The rankings, dubbed the European Innovation Scoreboard 2018, is published by the European Commission.
It assesses and compares countries for their research and innovation performance. It ranks all 28 EU member states and a select number of non-members.
The scoreboard was first introduced in 2010. This year’s edition found Ireland’s innovation performance improved 8.5% since 2010 while the whole bloc improved 5.8% overall.
The rankings rate countries under four categories: innovation leaders, strong innovators, moderate innovators and modest innovators.
Ireland, in ninth place, came in the strong innovators group.
The scoreboard highlighted Ireland for its innovation in SMEs; employment impacts, where employment in “knowledge-intensive” areas and fast growing companies has increased; and sales impacts, which measures the economic impact of high-tech and innovative activities and exports.
Sweden topped this year’s rankings as an innovation leader.
Need to act
The government welcomed Ireland’s improved positioning on the scoreboard but acknowledged that work needed to be done to capitalise on it.

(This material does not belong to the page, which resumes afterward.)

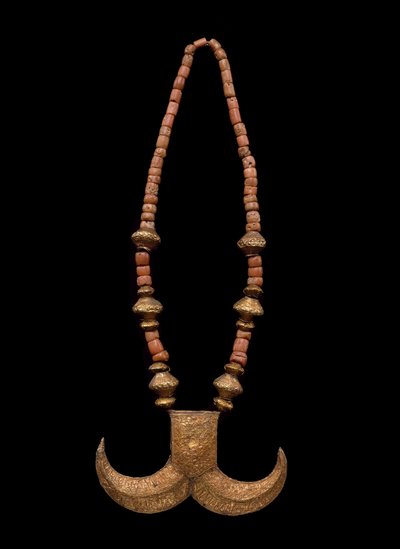 Tiger Claw Halsband, sent 1800-tidigt 1900-tal (guldfolie, trä, koppar och korall) av Culture Minangkabau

“We need to continue to build on this success and ensure that effort and investment in research, development and innovation is prioritised to realise our ambition of joining the ranks of the Innovation Leaders,” Minister for Training John Halligan said in a statement.
According to the European Commission, while EU member states are performing well on research, more needs to be done to turn that into further innovation.
Carlos Moedas, the Commissioner for Research, Science and Innovation, said the EU’s proposed €100 billion Horizon Europe fund programme will accelerate this process.
The proposed fund would come into effect with the EU’s next budget in 2021 and succeed the current Horizon 2020 programme.